Below are some records. Write out exactly their lines from the one with "Kampanjpris Ekonomipack Dog´s" through the one with "VI Fiesta del", and leave the pictures behind.

## THE INPUT
──────
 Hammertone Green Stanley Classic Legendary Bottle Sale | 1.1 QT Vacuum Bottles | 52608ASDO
──────
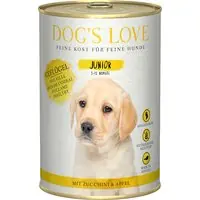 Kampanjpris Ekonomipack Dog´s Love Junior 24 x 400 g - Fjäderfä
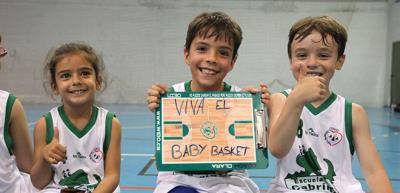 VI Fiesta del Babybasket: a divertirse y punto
──────
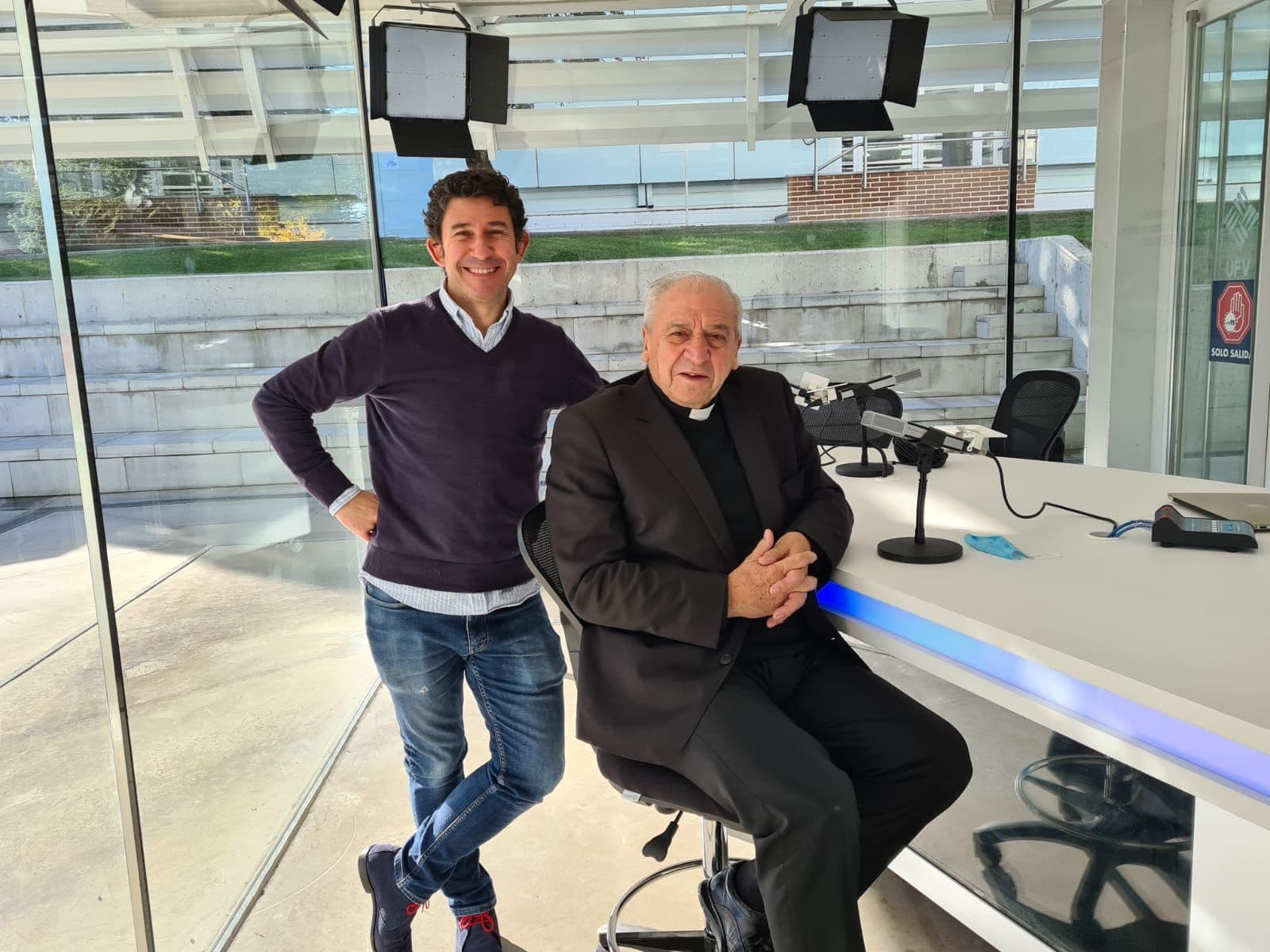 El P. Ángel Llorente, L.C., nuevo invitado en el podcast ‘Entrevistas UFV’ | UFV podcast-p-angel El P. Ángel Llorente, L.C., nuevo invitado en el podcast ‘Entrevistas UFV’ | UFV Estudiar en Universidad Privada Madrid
──────
## ANSWER SPACE
 Kampanjpris Ekonomipack Dog´s Love Junior 24 x 400 g - Fjäderfä
 VI Fiesta del Babybasket: a divertirse y punto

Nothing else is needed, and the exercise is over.